Click here to find out more about our coaching courses.


Oliver Minns has Cerebral Palsy and a learning disability and qualified as an Athletics Coach in 2016

As an active athlete and member of Orwell Panthers Athletics club he started helping at the club by demonstrating for the coaches and was asked if he wanted to become a coach himself.  He attended an Assistant Coach course where another coach from the club attended with him to scribe and assist him through the course.

He then wanted to continue to the Coach Award.  He wasn’t sure about the theory side of the course so his support coach at Orwell Panthers Margaret Nicholls phoned England Athletics and asked if he could have somebody go with him to support him.  Margaret explains, “They were very enthusiastic about this and let the tutor know that his mother would accompany him to act as a scribe and support Oliver throughout the day.
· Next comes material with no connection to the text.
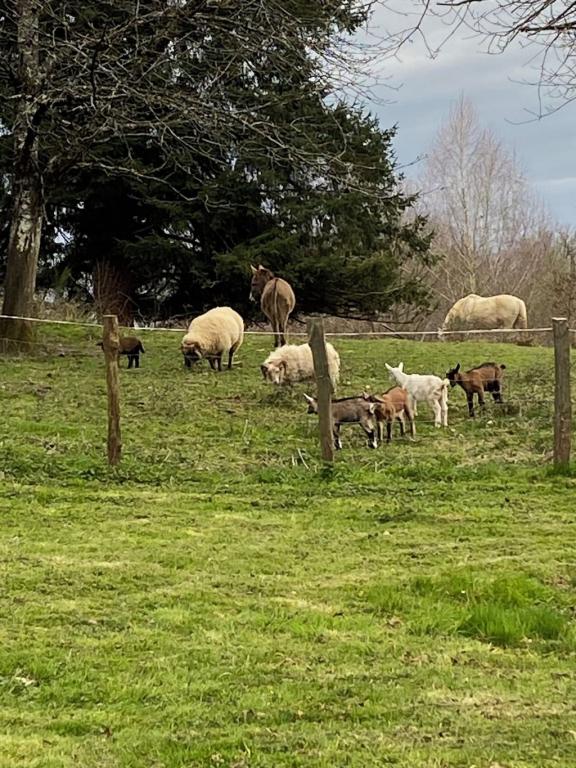 Domaine de Domingeal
They also said that I could read the questions for the theory on-line.  I was amazed at what he had taken in by the quick answers to the questions; and his dictating of all his plans and theory ready for his assessment.   I wrote down exactly as he said it.  He passed with flying colours.’”

Oliver is now coaching his own group at Orwell Panthers as well as still training himself and competing for Ipswich Harriers.

Here’s how Oliver found it: “I was nervous at the start of the course but it got easier as I became more confident and praise from the tutor.  I like being able to say ‘I am here to coach not train – I train at Ipswich Harriers.’ I recommend anybody to become a coach as it about knowledge and skill not about the reading and spellings!”

Mark Palmer has Down’s Syndrome and qualified as a Coaching Assistant in 2018

Mark Palmer Having trained with Exeter Harriers for 10 years, last year Mark decided to take his Level 1 Coaching Assistant course.

‘’I love athletics, especially running.  I want to help others enjoy it too.  My coaches, Brian O’Hare and Kevin Skinner, have helped me a lot and still do.  They are great role models. I like seeing others keeping active, enjoying themselves and making a lot of progress.  It’s good even when the weather is cold and wet.’’

Mark was offered support for the course, he explains how this helped. ‘’I didn’t ask for help but another Exeter Harrier gave me the course book; we took it on holiday to France and each day we read a bit and talked about it.  The really helpful admin person in the England Athletics’ office offered me the course slides beforehand, which was useful.  My Mum sat in on the course in case I needed help, but I didn’t, I was just fine.  Everyone on the course was friendly and we all worked together.  The 2 course tutors were very clear and a lot of the course was practical. ‘’

To other people with disabilities, who are keen on athletics and want to help others and become a coach, I say, “Go for it!”.